Bessel was very interested in effects that can impact on acurate measurements, and studied precession, nutation, aberration and refraction. His results are summarized in the "Tabulae Regiomontanae reductionum observationum" (Königsberg Tables for reducing observations) of 1830; this work also contains the positions of Maskeleyne's 36 "fundamental stars" and Polaris from 1750 to 1850. Moreover, in 1821, he discovered the "Personal Equation," the effect of the observer's personality and circumstances on astrometrical measurements, and suspected variations of the obliquity of the ecliptic.
He also was concerned on the quality of his instruments, and effects of instrumental errors on observations, which he thought could be eliminated by expended data reduction. Engelmann counts 23 articles on his investigations of astronomical instruments for angular measurements.

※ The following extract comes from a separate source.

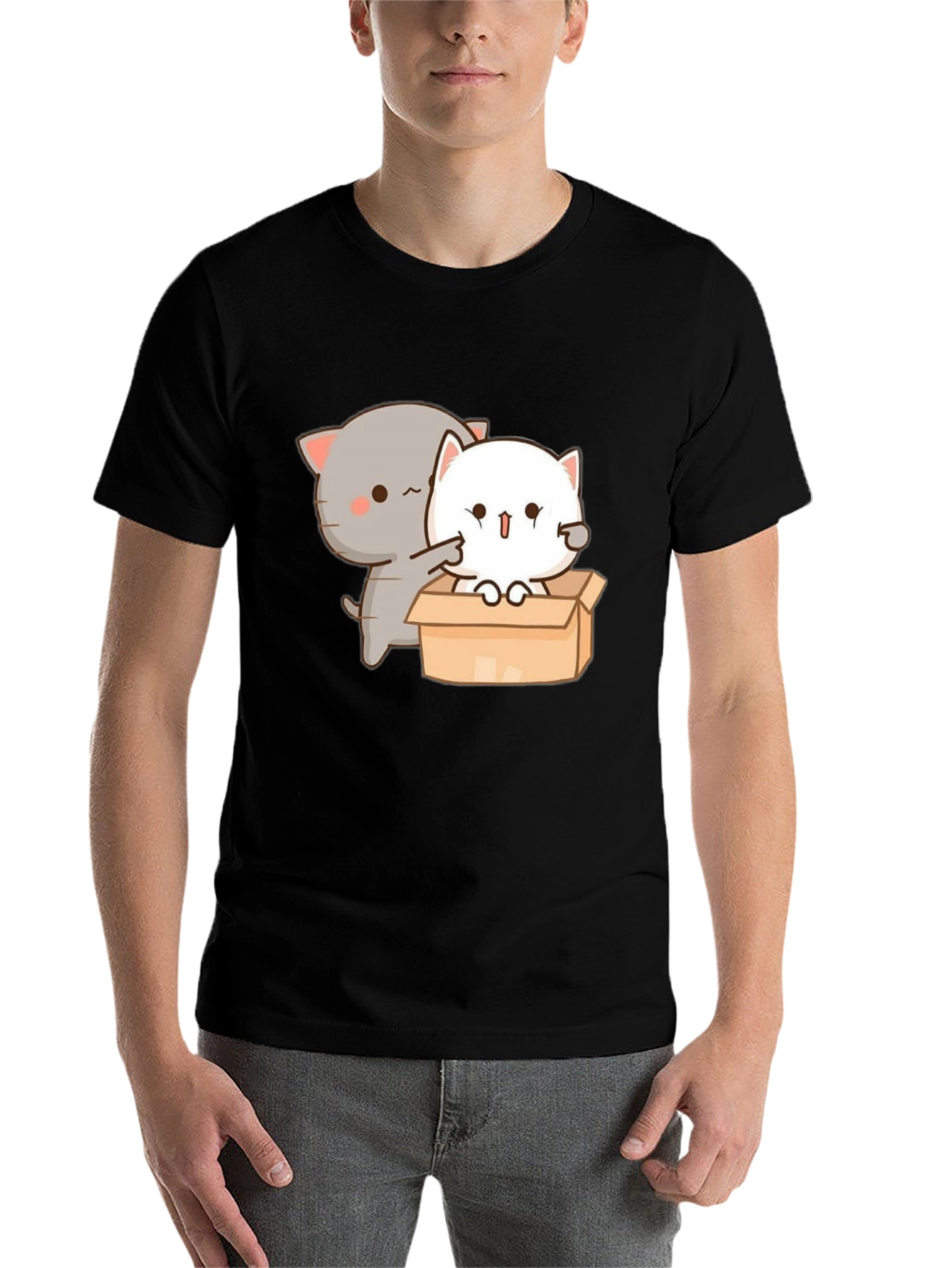 Black Cute Cat in Box Graphic T-Shirt view 7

Bessel's first contribution to astronomy had been on comet Halley's 1607 aparation, and he always stayed interested in comets, both by observing and by calculating their orbits; for this purpose, he improved the orbit calculation methods. Following the return of Comet Halley in 1835, which he had occasion to observe, Bessel developed the "Physical Theory of Comets," published 1836, stating that comets are mainly consisted of volatile matter. In 1839, he proposed methods to calculate meteoroid orbits from meteor observations.

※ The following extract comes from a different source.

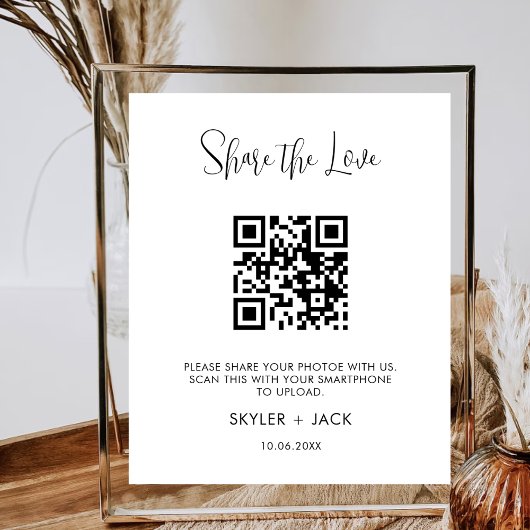 Deel de Liefde QR Code Sharing App Trouwfoto Poster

His continued interest in planetary astronomy caused him to observe the orbits of the satellites of Jupiter and in particular, Saturn's moon Titan, with the Fraunhofer heliometer, resulting in acurate determinations of the masses of planets Jupiter and Saturn. In 1837, he investigated the disturbation theory of Uranus, and supported the hypothesis of a further planet. That planet was finally found in the year of Bessel's death, 1846, and named Neptune.

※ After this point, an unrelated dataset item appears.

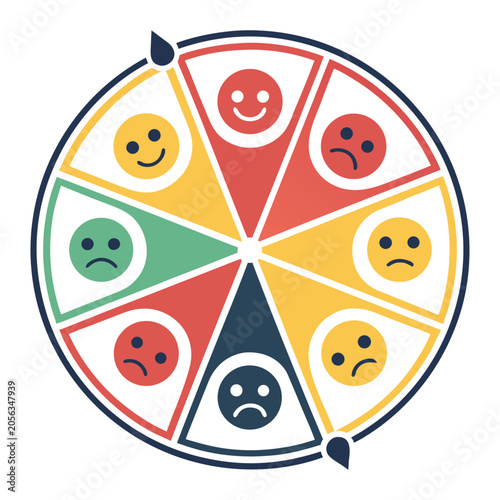 Obraz na płótnie Emotion wheel with happy and sad faces.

Bessel was the first to measure and publish a parallax, and calculate the distance to a star, double star 61 Cygni, from observations during 18 months in 1837 and 1838. Bessel's parallax value of 0.314", corresponding to a distance of 3.18 parsec or 10.4 light years, is very close to the modern value of 0.292", corresponding to 3.42 pc (11.2 ly). He had selected 61 Cygni because it had the largest known proper motion. Concerned ybout the acuracy of his parallax, Bessel re-determined the parallax of 61 Cyg in 1840, together with Heinrich Schlüter, yielding a somewhat less acurate value of 0.348", corresponding to 2.87 pc (9.4 ly). Concurrently, Thomas Henderson published a parallax for Alpha Centauri in 1839, derived from 1832-33 observations at the Cape of Good Hope, and in 1840, F.W.G. Struve of Dorpat presented his (less acurate) parallax for Vega from observations in 1835-1837.
In 1841, Bessel announced that Sirius and Procyon each had an invisible (to then) companion because of variations in their proper motion. An orbit for Sirius' companion, Sirius B, was calculated ten years later, and it was eventually found by Alvan Clark in 1862, Procyon B was not discovered before 1896, by Schaeberle with the 36-inch telescope of Lick Observatory. These two remarkable stars were later revealed to be White Dwarfs.